Armi Beatriz E. Bayot

DPhil Law

Other affiliations

Oxford Transitional Justice Research Public International Law @ Oxford Public International Law Research Seminars

Biography

Armi Beatriz E. Bayot is a Doctor of Philosophy (DPhil) in Law student at the University of Oxford, where she is undertaking research on the human rights implications of intrastate peace agreements. Her research is being supervised by Professor Antonios Tzanakopoulos and is supported by grants from The Asia Foundation and the Oxford Faculty of Law.

Prior to her arrival at Oxford, she worked as a lawyer at the Commission on Human Rights (CHR) of the Philippines, first serving as Division Chief of the Center for Crisis, Conflict, and Humanitarian Protection of the CHR and later as the Deputy Coordinator of the National Task Force Against Extrajudicial Killings. She is the founding Head the CHR’s Analysis Unit, which is mandated to analyze the data produced by regional investigators, determine whether large-scale human rights violations are being committed, and to formulate strategic and policy responses to said abuses.

Prior to her work at the CHR, she was an Associate Solicitor at the Office of the Solicitor General (OSG) of the Republic of the Philippines, where her fields of practice include indigenous peoples’ rights law, administrative law, family law, and criminal appeals. She was legal counsel to the government peace panel in talks with the Moro Islamic Liberation Front (MILF) from 2010-2016 and was deeply involved in the drafting and negotiation of the Comprehensive Agreement on the Bangsamoro (CAB) – a milestone peace agreement which aims to end the decades-long armed conflict in Mindanao. She was also the Government Alternate to the Transitional Justice and Reconciliation Commission (TJRC) (a key mechanism of the Bangsamoro peace process) from March to September 2016.

She obtained a Master of Laws Degree in Transnational Law (with Distinction) from King’s College London in 2015 under a Chevening Scholarship from the Government of the United Kingdom. She was awarded the Dickson Poon School of Law Prize in 2015 for obtaining the highest marks among her cohort on the Transnational Law pathway.

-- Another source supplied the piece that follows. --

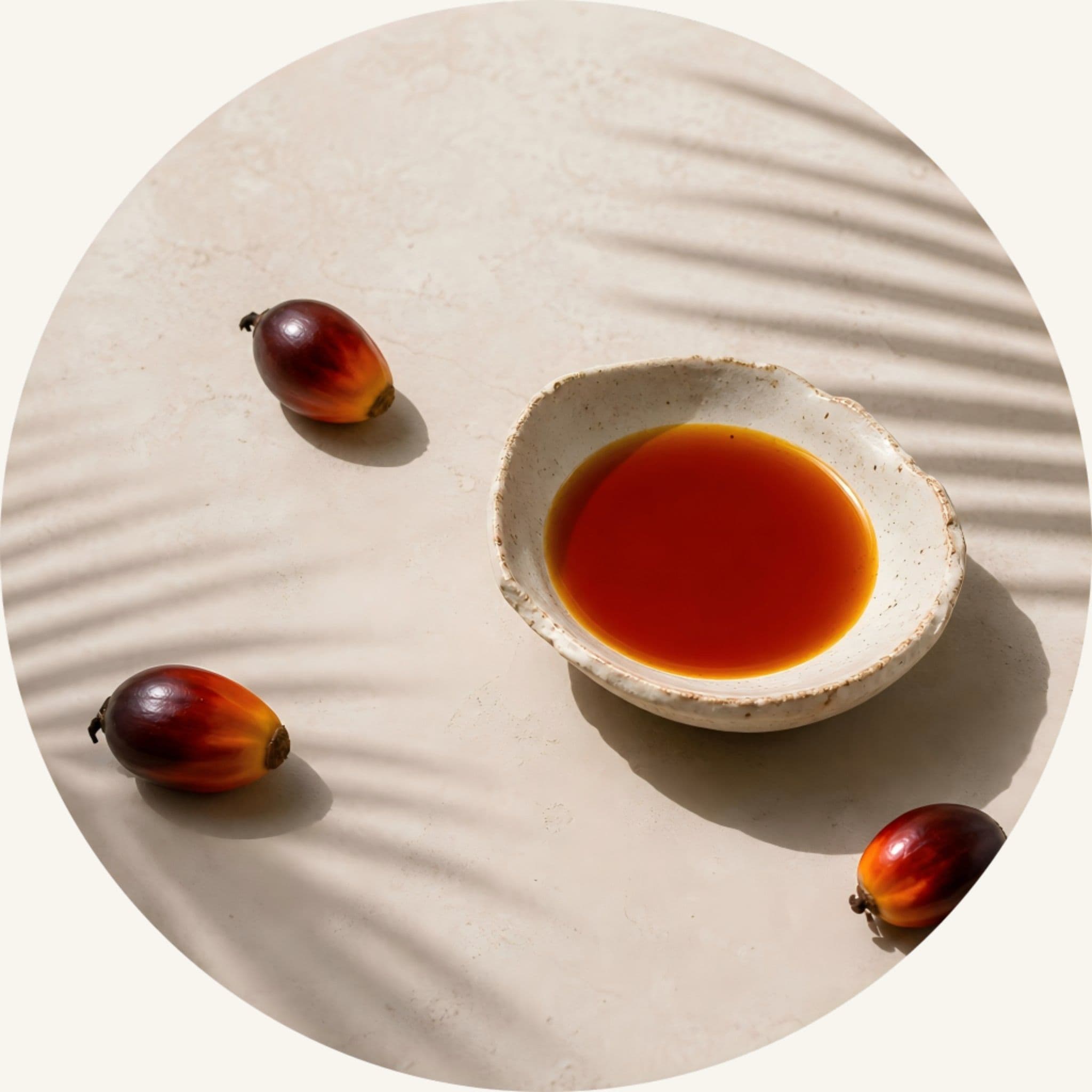 Pure Palm Oil in a small plate with organic palm fruits, serving as a plant-based base in our gentle cleansing soap to provide a rich, creamy lather and strengthen the skin barrier.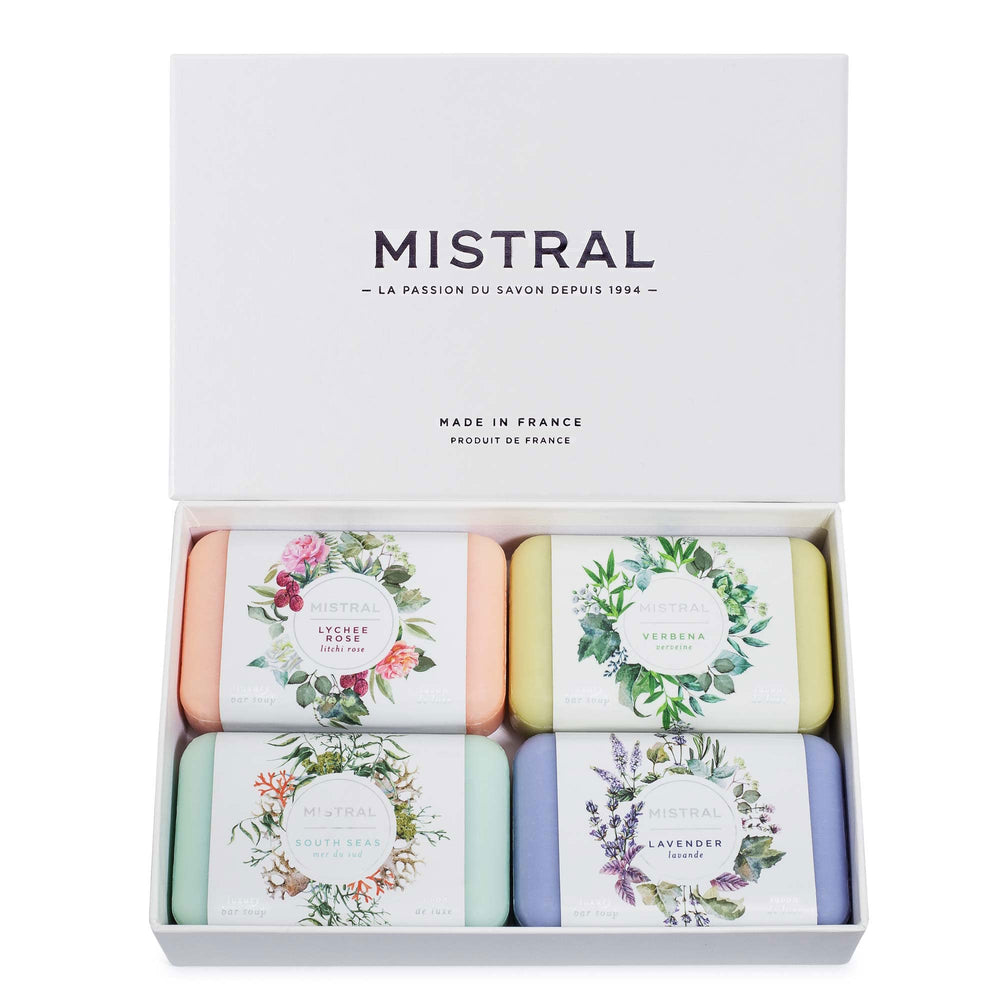 Mistral Classic French Bar Soap Assorted Set with four bars for daily moisturizing and luxury fragrance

She was also the sole winner of  the prestigious Georg Schwarzenberger Prize in International Law in 2016. She obtained her Juris Doctor degree from the University of the Philippines (UP) College of Law in 2009, where she was the recipient of various merit scholarships. She was a Senior Lecturer at UP Law, teaching Legal History and Administrative Law, from 2016 to 2018. 

Publications

Indigenous Peoples in International Law : Resistance, Refusal, Revolution
Free, Prior, and Informed Consent in the Philippines: A Fourth World Critique
Elite Bargains and Political Deals Project: Philippines Case Study
ORCID Profile

Research Interests

Armi's research interests include peace processes, transitional justice, human rights law, constitutional and institutional design, and the international law on the rights of indigenous peoples.